**Problem to solve**
Any picture in the data below gets skipped; print all the rest exactly.

**Collected data**
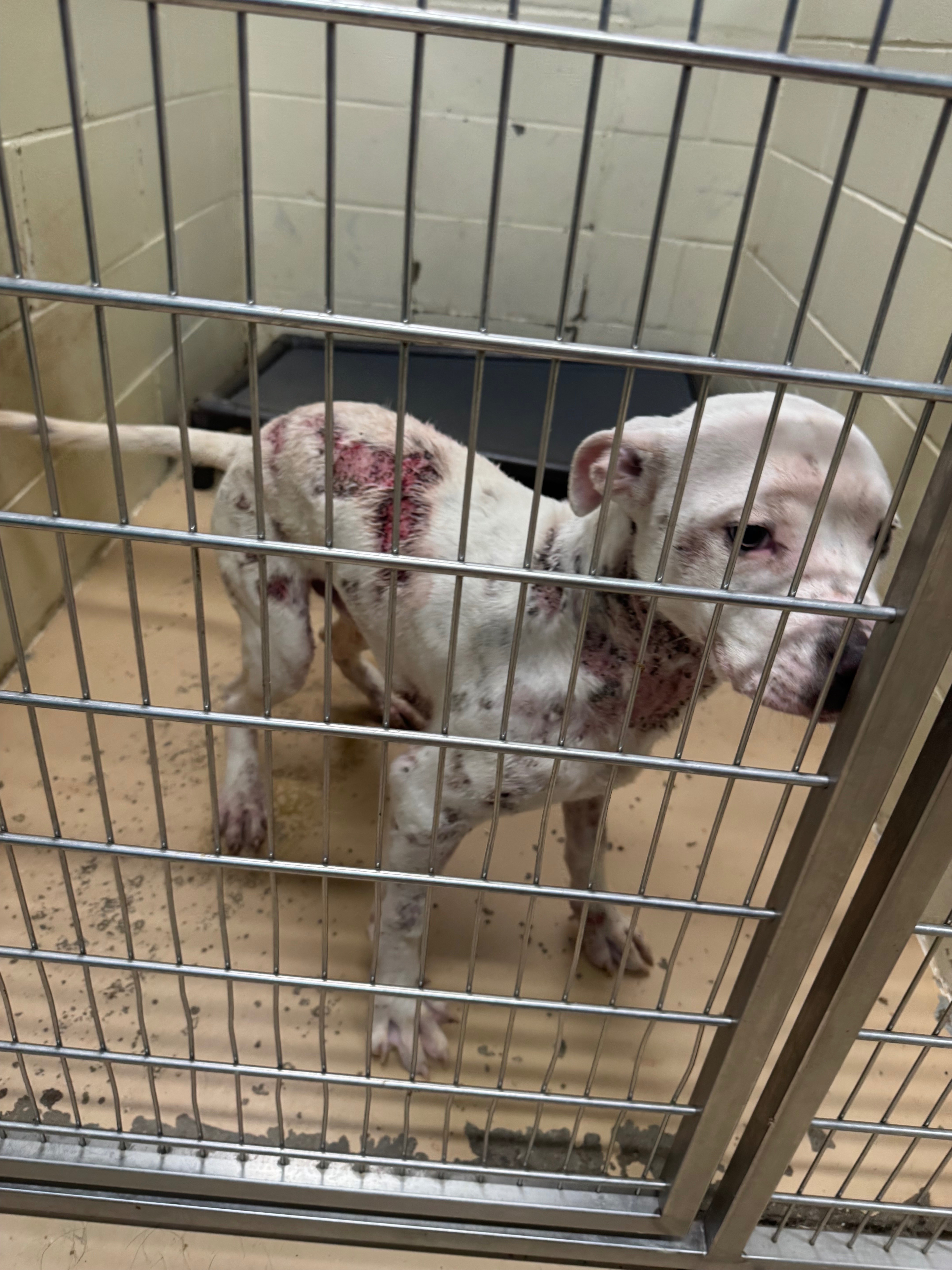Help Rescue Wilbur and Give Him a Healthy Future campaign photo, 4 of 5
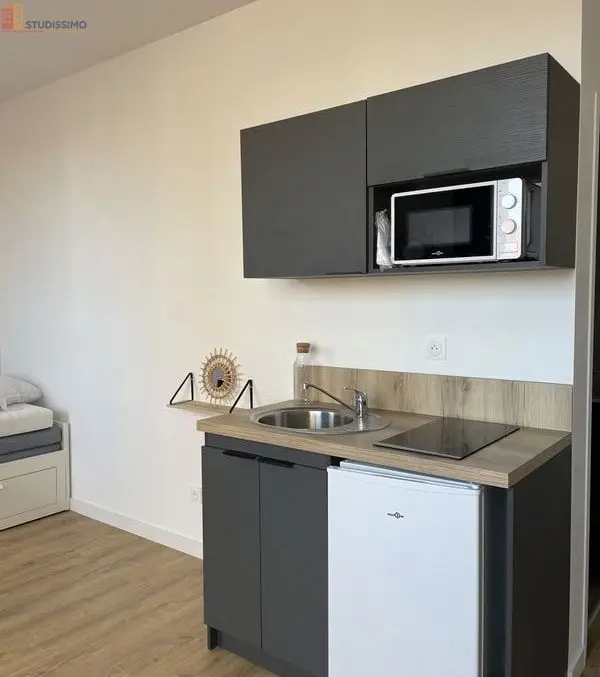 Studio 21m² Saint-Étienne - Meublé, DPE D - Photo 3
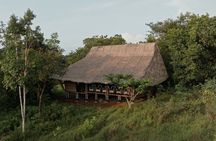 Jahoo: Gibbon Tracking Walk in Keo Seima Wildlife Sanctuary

**Task result**
Help Rescue Wilbur and Give Him a Healthy Future campaign photo, 4 of 5
 Studio 21m² Saint-Étienne - Meublé, DPE D - Photo 3
 Jahoo: Gibbon Tracking Walk in Keo Seima Wildlife Sanctuary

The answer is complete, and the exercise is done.